A loan as we know is the sum of money that we borrow from banks or other financial institutions to financially manage our planned or unplanned events. In doing so, we incur a debt, which needs to be paid back within a given period. Whatever be our reasons to borrow, taking a loan today has become easier than ever before and we have several efficient options to choose from.
One popular means is to avail of a loan against your Demat account shares. It is best to utilize the loan amount for financial emergencies or to meet financial goals shortly. These could be your expenses for household, wedding expenses, education expenses, and capital for business investments.
Let’s learn more about this.
What is a loan against Demat shares?
When you choose to take a loan against your Demat shares, you’re monetizing your investments without having to sell them off. The best part about a loan against demat shares is that no collateral or additional security is needed, other than the shares that are already in your Demat account. The bank will grant a loan by marking a lien on the shares it holds in the demat account. This way you make the most of your share market investments, as even when they are pledged with the bank / financial institution as security, you will continue to benefit from the rising stock prices.
Loans against the demat shares also give you comfort in borrowing since it is your hard-earned shares that are now even working for you by raising the capital that is required.
How does a loan against Demat shares work?
1. It is easiest to take a loan against demat shares if you take it from the same bank with which you have your demat account, as the loan process is simpler and disbursal faster.
2. No additional security is required. Only your shares are pledged.
3. A loan against Demat shares consists of a 50% margin depending on the underlying security.
4. The dividend will continue to be credited to your bank account even though shares are held in the lien.
5. During the period of the lien, you even continue to enjoy the benefits of rights and bonus issues.
6. The bank that is also a depository participant may offer pre-sanctioned loans on shares held in the demat account since it is easier for the bank to execute such loans.
What are the eligibility criteria?
To avail of a loan against the shares in your demat account, here are some of the essential eligibility criteria:
1. You must be between the ages of 18-65 years
2. Only the person in whose name the shares can pledge the shares.

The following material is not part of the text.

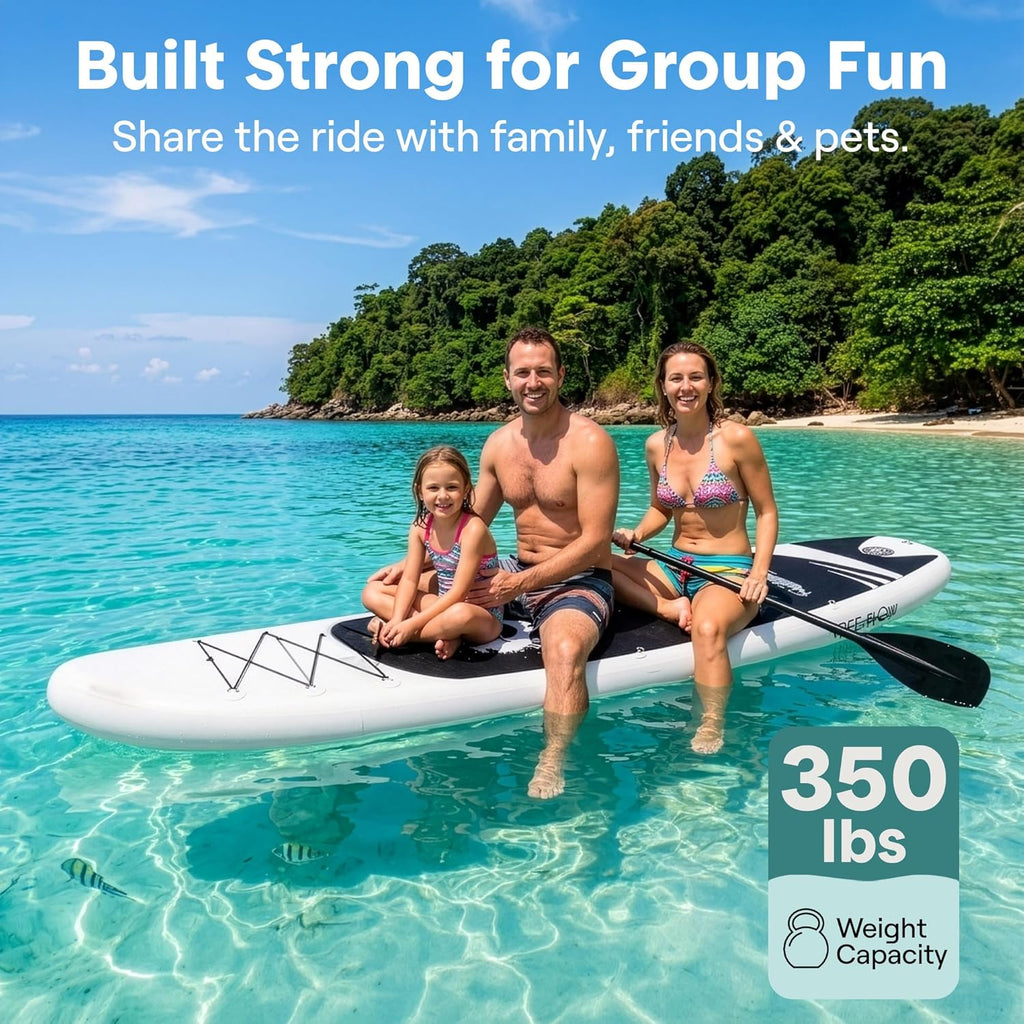 10’6” Inflatable Stand up Paddle Board with Premium SUP Accessories - 32” Wide Stable Design with Non-Slip EVA Deck Pad, for Youth and Adults, 350 Lbs. Capacity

Minors, NRIs, HUFs, and corporations cannot pledge shares that are held in their names
3. Some documents that are required to be submitted include proof of address, a statement from your DP, identity proof, and proof of income.
4. A director or promoter of a company cannot pledge the shares of his company.
What are some features of loans against demat shares?
1. You can avail of a maximum of Rs. 20 lakhs as a loan against your demat shares.
2. A loan against demat shares comes at a lower interest rate than a personal loan.
3. There is no loan prepayment charge.